News of Healy and Hamilton’s rich profits drew other traders from Montana. The trail from Fort Benton to Fort Whoop-Up became a major route for bull trains carrying freight north and buffalo robes south. Soon there were more than fifty trading posts in what is now southern Alberta, with names like Slide Out, Standoff, Kipp, and Robbers’ Roost. Fort Whoop-Up was the largest and most notorious of them all. The traders were often described as crude opportunists, desperados, and hard cases – but several went on to become respected businessmen and politicians. While few of the traders became rich, merchants such as T.C. Power and I.G. Baker built large fortunes supplying the robe trade.

Reports of devastation made their way to Ottawa. In 1873, Prime Minister Macdonald announced the formation of the North-West Mounted Police (NWMP) to bring Canadian authority to the west, and to close down the whisky trade.

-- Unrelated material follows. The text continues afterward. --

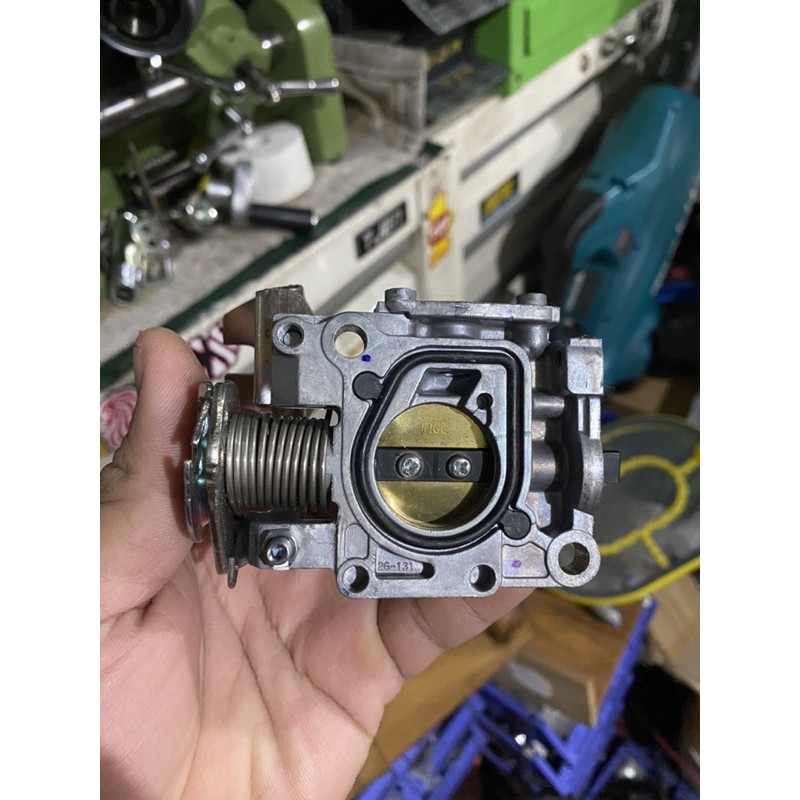 Họng ga PCX 150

On hearing of the Mounted Police’s approach, some traders fled to Montana, or reinvented themselves as legitimate traders. Hamilton left Fort Whoop-Up in 1873, though Healy stayed on for three more years. Near the end of their trek west, the NWMP hired a respected  guide named Jerry Potts, who led them to Fort Whoop-Up on October 9, 1874. But instead of a rowdy whisky trade, they found the fort nearly abandoned, with no whisky in sight.

The troops established their headquarters at Fort MacLeod. From there they patrolled the region and set up additional forts and outposts. The North-West Mounted Police became respected by First Nations and feared by traders. By the end of 1875, they had brought the whisky trade under control.


A pair of horse riders dressed in the red coats and white helmets of the early Royal Canadian Mounted Police riding on the trails near the Galt Museum & Archives. 

Full dress mounted parade by members of the Northwest Mounted Police on the occasion of the visit of the Duke of Cornwall and York. Calgary, Alberta. September, 1901. Credit: Library and Archives Canada/PA-202180


A Time of Change

In July 1876, John Healy sold Fort Whoop-Up to the resident manager, Dave Akers.

Over the next five years the great buffalo herds were decimated all across the plains as a result of commercial hunting. By 1881 the robe trade was finished.

Akers turned to market gardening, and rented space in the Fort to the North-West Mounted Police. During Akers’ time there, Fort Whoop-Up was also a stopping point for stagecoach and mail service from Fort Benton. In 1893 Akers was killed by a former business partner over a long-standing argument. His death marked the end of an era.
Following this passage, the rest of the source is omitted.